A media mañana, todos los habitantes de la Colonia estaban enterados de la historia de la noche anterior, o de alguna de las versiones que corrían. Había aparecido una caminante junto a las murallas. Caleb había abierto la puerta, y dejado que entrase un viral. La caminante, una muchacha, estaba en el hospital, agonizante, alcanzada por la flecha de la ballesta de un centinela. El Coronel había muerto, en apariencia se trataba de un suicidio (nadie sabía cómo había saltado la muralla), y Arlo había muerto en el Asilo a manos de su hermano.

Pero lo peor de todo era Profesora.

La encontraron bajo una ventana, en la Sala Grande. Una hilera de catres vacíos había estorbado la visual de Hollis. Era probable que la mujer hubiera oído al viral saltar del tejado y decidiese plantarle cara. Sujetaba un cuchillo en la mano.
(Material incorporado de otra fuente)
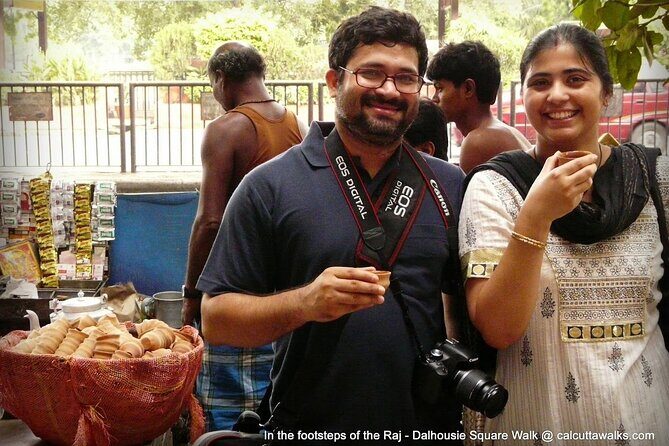 In the Footsteps of the Raj - Dalhousie Square Walk - A Closer Look at the Kolkata Dalhousie Square Walk
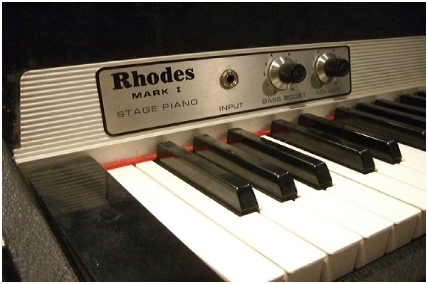 electric piano repair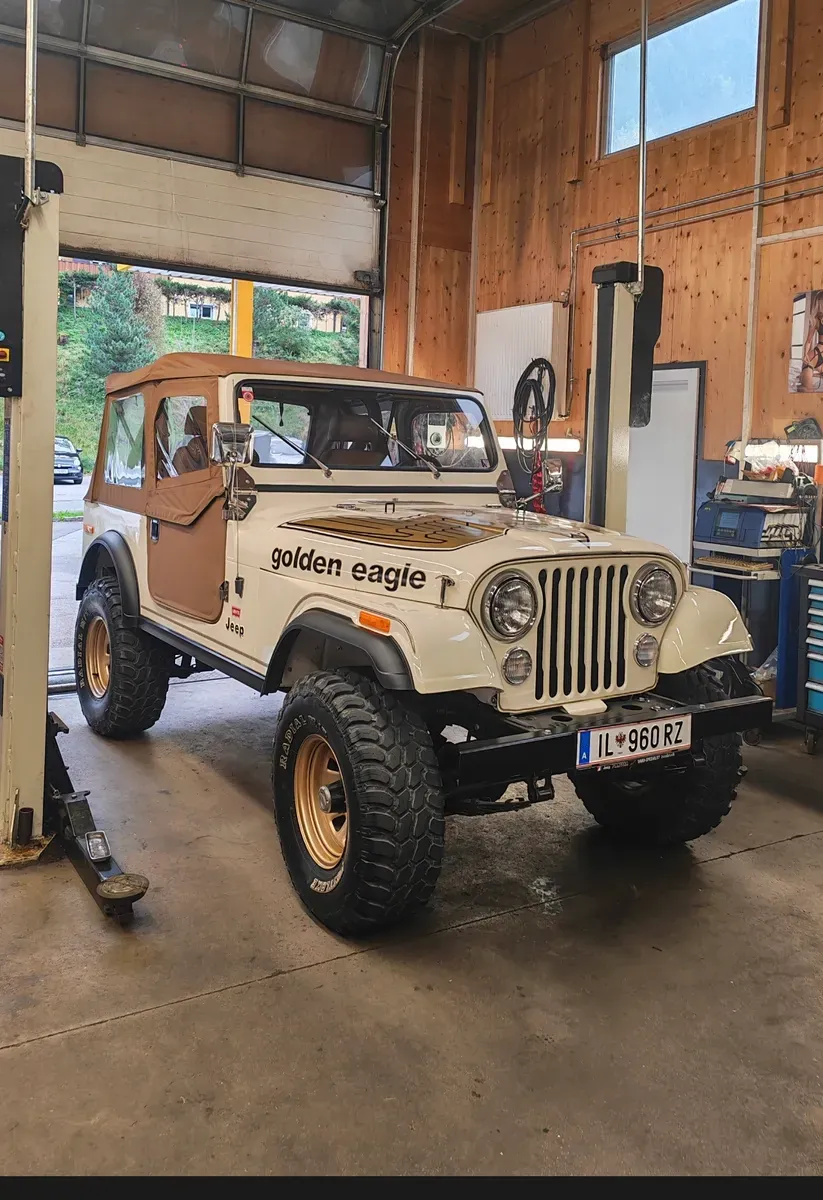 Jeep Cj7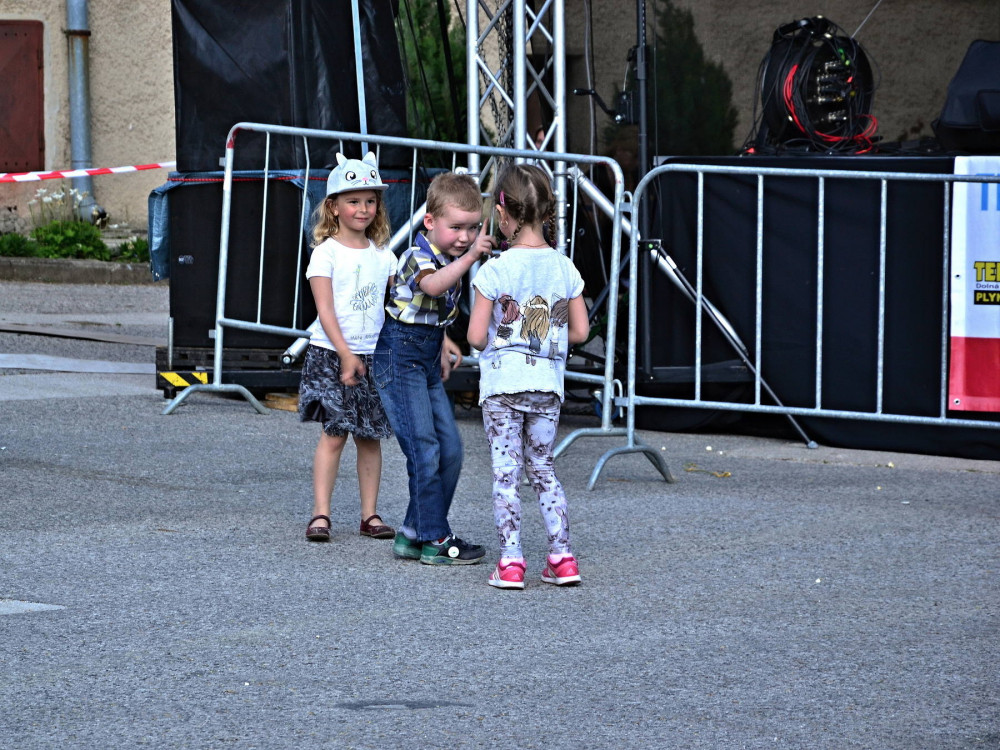 Dôležitý  rozhovor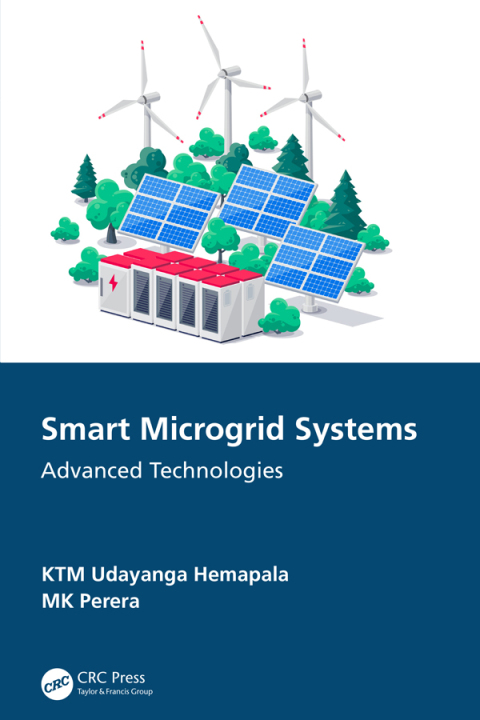 Cover image for book Smart Microgrid Systems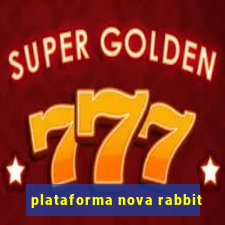 plataforma nova rabbit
Habían pasado muchas Profesoras, por supuesto. Pero en un sentido más estricto sólo había existido una. Cada una de las mujeres que aceptaba el trabajo a lo largo de los años se convertía en esa persona. La que había muerto la noche anterior era una Darrell, April Darrell. Era la mujer que Peter recordaba, que se reía de sus preguntas sobre el mar, aunque entonces era más joven, no mucho mayor de lo que era él ahora, y bonita pese a su palidez, como una hermana mayor a quien una enfermedad mantuviera encerrada sin poder salir. Era la mujer que Sara recordaba de la mañana de su liberación, la que la había dirigido con su interrogatorio, como un tramo de escaleras que la condujera a un sótano oscuro en el que acechaba la terrible verdad, para luego entregarla a los brazos de su madre, para que llorara por el mundo y su realidad. Todo el mundo sabía que ser Profesora era un trabajo duro y desagradecido, que implicaba vivir encerrada con los Pequeños sin apenas compañía adulta, salvo las mujeres embarazadas o que daban el pecho, y sin poder pensar en otra cosa que no fueran los bebés. Y también era cierto que, como Profesora era la persona que te lo contaba (que se lo contaba a todos), cargaba con el resentimiento colectivo de aquel trauma. Salvo la Primera Noche, cuando hacía una breve aparición en el Solárium, Profesora apenas salía del Asilo, y cuando lo hacía, era como si se moviera en un contenedor invisible de traición. Peter sentía pena por ella, pero también era cierto que apenas tenía fuerzas para mirarla a los ojos.